APS TOGETHER
Day 49
The Betrothed by Alessandro ManzoniChapter 38
April 10, 2023 by Michael F. Moore
Although I was relieved when I finally finished my translation, a cloud of melancholy descends upon me as we conclude the novel and our reading together. Manzoni also betrays his own mixed feelings in this odd little coda to his monumental epic.
Lucia is still too reserved to express her feelings. (The Italian word “pudore” does not translate easily, falling somewhere between reserve and modesty.) Until the last page:
“‘What about me? What do you think I’ve learned? I didn’t go looking for trouble: Trouble came looking for me. Unless what you mean to say,’ she added, smiling sweetly, “is that it was my mistake to love and to promise myself to you.’”
Manzoni deflates whatever expectations of Lucia we might have:
“When this Lucia appeared, there were many who thought her hair should be spun from gold, her cheeks as red as roses, each eye more beautiful than the other, and I have no idea what else. They shrugged their shoulders and turned up their noses, saying, ‘All this fuss over her?’ After so much time and so much talk, they were expecting something better. And who was she, after all? A peasant girl like many others. If that’s what you want, there are far prettier ones, ripe for the picking. Under closer scrutiny, everyone found something different that was wrong with her, and some even thought she was downright ugly.”
Not quite the Petrarchan beauty we might have imagined!
And Don Abbondio? He still refuses to perform the marriage:
“Don Abbondio was deaf in that ear.
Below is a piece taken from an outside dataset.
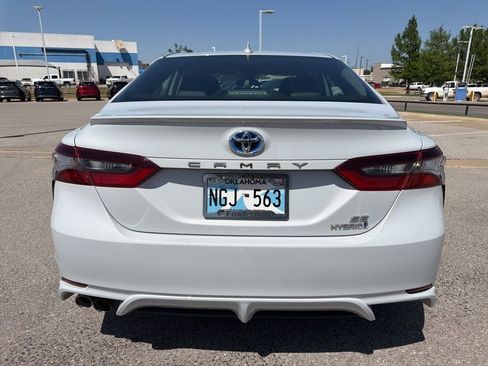 Used 2023 Toyota Camry SE FWD image 4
It’s not that he said no. But he continued to hem and haw, jumping from one topic to another.”
Until he hears the news that Don Rodrigo is dead.
The Marquis may be magnanimous toward Renzo and Lucia, and is certainly an improvement on Don Rodrigo, but the class divide still stands:
“I know some of you must be thinking how it would have been simpler for everyone to dine at the same table. But as I’ve explained to you, he was a good man, not an ‘eccentric,’ as he would be called nowadays. And as I’ve told you, he was a humble man, but not a paragon of humility: willing to defer to these good people, but not to spend time with them as an equal.”
Renzo is indeed a changed man, but all is not perfect. Manzoni takes a final look back at the manuscript:
“Mankind (according to our anonymous author, who you know had a strange taste in similes, but let’s quote this one, too, and may it be the last)—mankind, for as long as he is in this world, is like an invalid lying on a somewhat uncomfortable bed. All around him he sees other beds—well made, neat, and flat—and imagines that he could sleep quite comfortably in any of them. But if he does manage to change beds, as soon he settles into the new one, he’ll feel a twig pricking him here, a lump pressing him there, and find himself, in short, right back where he started. This is why—the anonymous author suggests—we should think less about feeling good and more about doing good, and thus end up feeling better.
Being a true man of the seventeenth century, his explanation is a bit laborious, but he is basically right. For that matter, he continues, our good people no longer faced troubles and tribulations of the type and severity I have recounted here. From then on, their life was the most peaceful, the most happy, and the most enviable. So much so that if I were to describe it, you would be bored to death.”
So there you have it: Manzoni thinks that happy endings are boring!